ベストパンチ33

2007年7月7日 米国 コネチカット州

IBFフライ級タイトルマッチ

挑戦者 ノニト・ドネア(比国)KO5R 王者 ビック・ダルチニアン(豪州)

フィリピンはボホール州で生を受けたドネア。後のスーパースターは幼少の頃は喘息持ちでいじめられっ子だったという。
11歳の頃、一家はアメリカに移住。ここで68勝8敗という優秀なアマチュア戦績を収め、大学からの熱烈な推薦入学を蹴ってプロ入り。
2戦目に判定負けを喫するも、以降はキレのある強打とスピード満点のボクシングで勝ち星を重ねる。WBOアジア太平洋王座、NABF王座をコレクションしながら世界戦線へと歩を進めてきた。後に4階級を制覇するドネアだが、主戦場がアメリカであり、選手層も厚かったため、一部の玄人筋を除くと後の快進撃を予想する声は多くはなかった。

迎え撃つ王者、ダルチニアン。1976年1月7日、アルメニア出身、”レイジング・ブル(怒れる猛牛)”の異名通り、サウスポースタイルからの豪快なボクシングでシドニーオリンピックにも出場。準々決勝まで勝ち進み、将来を嘱望されながら2000年、オーストラリアからプロデビュー。元3階級王者、ジェフ・フェネック(豪州)の指導のもと、プロの戦い方に磨きをかけ、2004年12月16日、技巧派王者、イレーネ・パチェコ(コロンビア)を豪快に11回KO、第16代IBFフライ級王者に輝いた。このタイトルは6度防衛(5KO)の圧倒的な強さでフライ級最強と囁かれつつ、全盛期を迎えたダルチニアンは7度目の防衛戦の相手に若きフィリピーノを選んだ。ここまで王者28戦全勝(22KO)、挑戦者17勝(9KO)1敗。

初回、ドネアのステップが実に軽い。スイッチを交え左右に位置を変えながら軽快にジャブをヒット。王者は極端な半身に右肘をせり出した独特の構えでプレッシャーをかける。ダルチニアンのフリッカー気味のジャブに挑戦者は左フックを合わせるがチャンピオンは上体の動きでこれを流し切る。

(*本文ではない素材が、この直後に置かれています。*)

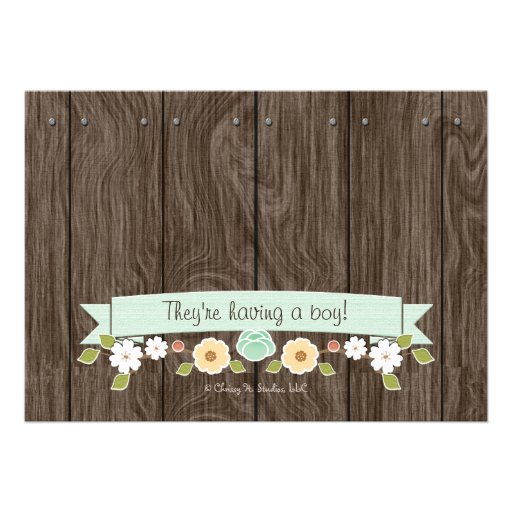 MINT RUSTIC FLORAL BOHO COUPLES BABY SHOWER INVITE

3ラウンド、猛牛の突進を止めようとドネアがボディにストレートを集めだす。サウスポーに対して実に有効なこのパンチだが、チャンピオンの前進は止まらない。師匠フェネックを思わせるエネルギッシュなボクシング。その王者がステップインした瞬間、小さく振った挑戦者の左フックがカウンターでヒット。ダルチニアンの足がもつれる。タイミングが少しずつ合ってきた。

迎えた5回、ダルチニアンの5度目の防衛戦で判定負けした兄、グレン・ドネアがリングサイドで見守る中、”フィリピーノ・フラッシュ”ドネアの閃光のようなベストパンチが炸裂する。

ドネアの左フックが距離・タイミング共に合ってきているのを察知した王者は、これまでよりも重心を後ろに修正しながら激しく前進。ビッグパンチを上下に散らしながら圧力を強め、挑戦者を追い回す。

ドネアの左フックは実に変化に富んでいる。ロング・ミドル・ショートとあらゆる距離に応じたナックルの返しで対戦者をマットに沈めてきた。ナックルの返しに重点を置いているため、右肩を入れるモーションを省略して鋭くアゴを捉えることができる。

ロープを背にした挑戦者に、ここがチャンスとダルチニアンがワン・ワン・ツーのタイミングでステップイン。この判断も実に正しい。しかし、フィリピーノの左フックはその思惑をも上回って、チャンピオンのアゴを打ち砕いた。

銃で撃たれたかのようにはじけ飛び、キャンバスに叩きつけられたチャンピオンは朦朧としながら気丈に立ち上がるも、ふらつきながらリングを遊泳した後、再びキャンバスにダイブ。レフェリーは迷わずKOを宣告。チャンピオンが交代した。